(AVAILABLE DATA Opens)

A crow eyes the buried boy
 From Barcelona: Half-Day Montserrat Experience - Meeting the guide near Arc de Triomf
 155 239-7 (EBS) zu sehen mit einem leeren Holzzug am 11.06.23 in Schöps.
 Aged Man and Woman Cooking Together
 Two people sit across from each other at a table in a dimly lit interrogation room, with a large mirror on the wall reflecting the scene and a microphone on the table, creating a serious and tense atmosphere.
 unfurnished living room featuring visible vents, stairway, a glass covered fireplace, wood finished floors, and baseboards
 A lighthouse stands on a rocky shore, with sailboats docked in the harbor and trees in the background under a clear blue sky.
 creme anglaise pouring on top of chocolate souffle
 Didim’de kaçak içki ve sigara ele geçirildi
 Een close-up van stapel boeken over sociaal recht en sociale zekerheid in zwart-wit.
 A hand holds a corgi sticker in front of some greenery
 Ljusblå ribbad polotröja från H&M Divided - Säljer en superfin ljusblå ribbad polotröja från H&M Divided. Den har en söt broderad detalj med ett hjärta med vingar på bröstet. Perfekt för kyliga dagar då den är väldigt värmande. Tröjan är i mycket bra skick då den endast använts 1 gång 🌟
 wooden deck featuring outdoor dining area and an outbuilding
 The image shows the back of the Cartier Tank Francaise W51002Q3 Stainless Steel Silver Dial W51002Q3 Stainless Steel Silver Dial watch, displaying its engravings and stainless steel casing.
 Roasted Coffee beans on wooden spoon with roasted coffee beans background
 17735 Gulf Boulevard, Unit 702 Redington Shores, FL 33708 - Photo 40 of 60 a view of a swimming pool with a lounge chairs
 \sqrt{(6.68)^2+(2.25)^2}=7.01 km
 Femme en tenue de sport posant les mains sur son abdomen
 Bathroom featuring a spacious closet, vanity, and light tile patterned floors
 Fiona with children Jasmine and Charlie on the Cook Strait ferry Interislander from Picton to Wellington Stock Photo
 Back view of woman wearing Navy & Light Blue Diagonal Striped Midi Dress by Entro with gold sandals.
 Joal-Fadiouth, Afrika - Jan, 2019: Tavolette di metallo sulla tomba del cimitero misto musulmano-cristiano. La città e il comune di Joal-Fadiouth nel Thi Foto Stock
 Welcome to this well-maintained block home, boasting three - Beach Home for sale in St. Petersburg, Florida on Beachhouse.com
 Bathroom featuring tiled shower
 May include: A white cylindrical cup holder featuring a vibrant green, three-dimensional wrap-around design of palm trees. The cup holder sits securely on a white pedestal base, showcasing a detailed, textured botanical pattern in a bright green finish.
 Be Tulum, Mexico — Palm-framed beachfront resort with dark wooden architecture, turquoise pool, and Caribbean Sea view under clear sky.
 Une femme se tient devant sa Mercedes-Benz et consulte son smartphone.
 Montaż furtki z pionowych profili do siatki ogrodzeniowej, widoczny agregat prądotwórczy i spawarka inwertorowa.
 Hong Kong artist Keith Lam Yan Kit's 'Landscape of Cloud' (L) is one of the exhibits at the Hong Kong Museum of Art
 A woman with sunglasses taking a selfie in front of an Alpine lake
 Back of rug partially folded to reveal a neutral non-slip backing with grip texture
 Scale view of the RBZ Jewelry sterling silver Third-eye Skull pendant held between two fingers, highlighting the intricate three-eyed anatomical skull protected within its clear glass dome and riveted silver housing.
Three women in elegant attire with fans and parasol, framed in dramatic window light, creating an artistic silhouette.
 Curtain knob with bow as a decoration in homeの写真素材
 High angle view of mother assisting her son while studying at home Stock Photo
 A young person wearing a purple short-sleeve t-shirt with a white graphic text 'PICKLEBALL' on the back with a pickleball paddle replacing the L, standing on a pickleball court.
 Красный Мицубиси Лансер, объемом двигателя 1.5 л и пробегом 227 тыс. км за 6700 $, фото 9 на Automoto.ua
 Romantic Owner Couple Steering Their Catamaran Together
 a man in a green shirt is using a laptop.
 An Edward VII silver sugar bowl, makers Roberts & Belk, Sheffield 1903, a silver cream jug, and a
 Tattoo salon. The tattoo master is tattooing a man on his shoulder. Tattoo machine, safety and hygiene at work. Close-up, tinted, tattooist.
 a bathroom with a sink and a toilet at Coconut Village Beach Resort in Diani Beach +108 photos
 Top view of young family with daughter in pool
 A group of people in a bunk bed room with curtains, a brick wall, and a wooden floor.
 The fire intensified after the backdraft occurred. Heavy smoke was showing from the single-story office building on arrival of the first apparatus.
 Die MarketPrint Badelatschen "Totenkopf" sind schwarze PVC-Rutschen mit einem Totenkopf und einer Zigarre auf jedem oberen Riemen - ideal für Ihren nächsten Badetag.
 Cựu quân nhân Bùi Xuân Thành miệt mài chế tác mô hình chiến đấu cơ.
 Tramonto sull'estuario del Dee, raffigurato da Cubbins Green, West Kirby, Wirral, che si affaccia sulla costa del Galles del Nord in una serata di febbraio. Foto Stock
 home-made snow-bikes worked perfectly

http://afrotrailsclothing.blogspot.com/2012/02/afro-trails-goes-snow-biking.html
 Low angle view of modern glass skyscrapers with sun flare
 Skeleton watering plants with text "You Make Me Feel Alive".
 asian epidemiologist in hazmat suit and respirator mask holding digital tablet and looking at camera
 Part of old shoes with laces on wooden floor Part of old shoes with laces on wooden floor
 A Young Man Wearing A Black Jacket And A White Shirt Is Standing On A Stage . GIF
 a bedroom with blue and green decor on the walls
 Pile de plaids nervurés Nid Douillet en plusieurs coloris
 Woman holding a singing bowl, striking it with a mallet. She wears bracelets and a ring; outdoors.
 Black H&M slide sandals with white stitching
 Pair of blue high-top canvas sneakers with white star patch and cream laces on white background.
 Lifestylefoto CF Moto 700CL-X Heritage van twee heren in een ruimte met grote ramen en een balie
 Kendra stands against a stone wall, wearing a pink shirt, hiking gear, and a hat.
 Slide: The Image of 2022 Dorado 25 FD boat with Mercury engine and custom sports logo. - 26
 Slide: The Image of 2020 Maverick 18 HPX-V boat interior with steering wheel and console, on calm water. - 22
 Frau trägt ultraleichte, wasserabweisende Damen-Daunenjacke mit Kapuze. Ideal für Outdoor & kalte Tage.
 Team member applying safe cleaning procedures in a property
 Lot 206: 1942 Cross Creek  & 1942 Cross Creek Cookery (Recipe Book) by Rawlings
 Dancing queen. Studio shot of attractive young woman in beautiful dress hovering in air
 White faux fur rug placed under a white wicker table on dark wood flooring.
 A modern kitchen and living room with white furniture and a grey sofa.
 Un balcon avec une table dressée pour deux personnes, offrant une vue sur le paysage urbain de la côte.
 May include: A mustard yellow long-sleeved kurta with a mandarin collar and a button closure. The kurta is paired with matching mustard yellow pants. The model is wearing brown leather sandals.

(AVAILABLE DATA Closes)

» TASK DIRECTIONS
Look above for the line containing "Curtain knob with" and the line containing "Cựu quân nhân". Transcribe both, with the lines between them, exactly.

» RESPONSE AREA
 Curtain knob with bow as a decoration in homeの写真素材
 High angle view of mother assisting her son while studying at home Stock Photo
 A young person wearing a purple short-sleeve t-shirt with a white graphic text 'PICKLEBALL' on the back with a pickleball paddle replacing the L, standing on a pickleball court.
 Красный Мицубиси Лансер, объемом двигателя 1.5 л и пробегом 227 тыс. км за 6700 $, фото 9 на Automoto.ua
 Romantic Owner Couple Steering Their Catamaran Together
 a man in a green shirt is using a laptop.
 An Edward VII silver sugar bowl, makers Roberts & Belk, Sheffield 1903, a silver cream jug, and a
 Tattoo salon. The tattoo master is tattooing a man on his shoulder. Tattoo machine, safety and hygiene at work. Close-up, tinted, tattooist.
 a bathroom with a sink and a toilet at Coconut Village Beach Resort in Diani Beach +108 photos
 Top view of young family with daughter in pool
 A group of people in a bunk bed room with curtains, a brick wall, and a wooden floor.
 The fire intensified after the backdraft occurred. Heavy smoke was showing from the single-story office building on arrival of the first apparatus.
 Die MarketPrint Badelatschen "Totenkopf" sind schwarze PVC-Rutschen mit einem Totenkopf und einer Zigarre auf jedem oberen Riemen - ideal für Ihren nächsten Badetag.
 Cựu quân nhân Bùi Xuân Thành miệt mài chế tác mô hình chiến đấu cơ.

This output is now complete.